June in London. The shops had long started advertising the festival wear, but the cloudy indecisive weather did not remind much of a summer. An email appeared in my inbox bearing the title “Isle of Wight Festival” unexpectedly. To my big surprise, our marketing manager offered all members of the team VIP tickets to one of the most popular music festivals in the UK. A great opportunity to taste the real British summer, I thought to myself.
Similarly two of my friends and colleagues had the urge to try an authentic English summer habit by packing wellies and raincoat. Off to the festival. Thankfully we did not need a tent, since we were lucky enough to be offered a spacious teepee. The day arrived and I could not be more excited and sleepless (last minute me).

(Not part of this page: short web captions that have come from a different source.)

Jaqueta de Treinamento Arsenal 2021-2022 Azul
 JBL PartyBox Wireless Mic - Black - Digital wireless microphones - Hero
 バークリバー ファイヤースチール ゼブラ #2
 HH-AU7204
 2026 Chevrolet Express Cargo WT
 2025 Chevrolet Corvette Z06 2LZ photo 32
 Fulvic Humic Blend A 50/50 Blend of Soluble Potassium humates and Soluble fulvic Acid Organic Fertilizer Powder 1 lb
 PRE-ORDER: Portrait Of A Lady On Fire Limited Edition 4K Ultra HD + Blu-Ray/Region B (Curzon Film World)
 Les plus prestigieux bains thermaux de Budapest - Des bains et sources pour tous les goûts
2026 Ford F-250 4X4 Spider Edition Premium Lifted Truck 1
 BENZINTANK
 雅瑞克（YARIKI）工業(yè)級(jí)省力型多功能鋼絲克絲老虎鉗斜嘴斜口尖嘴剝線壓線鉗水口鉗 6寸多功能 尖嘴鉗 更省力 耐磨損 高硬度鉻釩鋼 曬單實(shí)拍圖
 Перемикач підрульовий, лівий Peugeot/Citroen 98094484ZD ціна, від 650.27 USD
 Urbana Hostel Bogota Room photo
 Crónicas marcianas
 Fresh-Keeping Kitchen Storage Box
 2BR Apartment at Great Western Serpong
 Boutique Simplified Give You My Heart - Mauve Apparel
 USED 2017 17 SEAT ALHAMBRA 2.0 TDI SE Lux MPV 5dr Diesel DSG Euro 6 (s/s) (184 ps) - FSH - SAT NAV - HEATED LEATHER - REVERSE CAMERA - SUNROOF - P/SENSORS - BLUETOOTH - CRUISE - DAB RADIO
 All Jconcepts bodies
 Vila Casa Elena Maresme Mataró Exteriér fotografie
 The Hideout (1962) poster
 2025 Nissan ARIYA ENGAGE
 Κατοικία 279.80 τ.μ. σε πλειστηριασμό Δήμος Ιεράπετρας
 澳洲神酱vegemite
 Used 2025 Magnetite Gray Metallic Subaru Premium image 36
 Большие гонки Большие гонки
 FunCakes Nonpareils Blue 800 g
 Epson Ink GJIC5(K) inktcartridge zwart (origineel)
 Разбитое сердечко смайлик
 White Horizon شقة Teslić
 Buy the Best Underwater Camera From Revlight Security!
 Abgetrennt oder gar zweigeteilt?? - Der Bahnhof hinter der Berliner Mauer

The Isle of Wight was 3 hours away according to google maps. An accident in Knightsbridge, a bus driver who wanted to take his legal break, a couple of lost ferries and an unfortunate choice of a water bus instead of the normal landbus contributed essentially to the impressive journey record time of 9 hours from London. Obviously, there was no time to lose. The festival site was very large and it took approximately forty minutes to walk from one side to the other. Bear in mind that walking time would substantially increase if you were tempted by the abundant delicious street food offered at the stalls between the tepee area and the stage. You could find anything from traditional fish and chips and burgers to vegan haloumi based treats.
The festival offered many different stages to choose from. The main stage accommodated the more popular names, such as the Kooks, Arcade Fire, the Vamps and Scouting for girls. Unlike any other concert, that I normally had to become a sardine in order to approach the stage, in this occasion everyone had fun singing, dancing and leaving a viable space between each other. Funny objects would stick out of the crowd, including a pink flamingo, a purple sea lion and a human size head of a doll. Big plastic balls would be bouncing on the crowd and fluorescent shots would be offered for sale.
The vibes were absolutely positive while hundreds of festival goers covered with glitter were singing the lyrics of “Naive”. “I know that she knows that I’m not fond of asking… ” Oh. Pardon me. I got carried away.
Apart from the main stage, we were particularly fascinated by the smaller outdoors stage “Cirque de la Quirk”, where some very interesting drum and bass tunes were played. The uplifting intense music was followed by machines spitting fire over the stage and acrobats performing awesome tricks wearing unconventional pieces of clothes. The whole result was so… quirky. We loved it and kept going back mingling with some festival goers with unique fashion choices, such as a British flag sequin jacket, a roman warrior costume and a viking inspired attire.
On the water bus back to busy London I was thinking that although “British” and “summer” are not two words that I would easily place next to each other, this British summer experience was pretty wicked!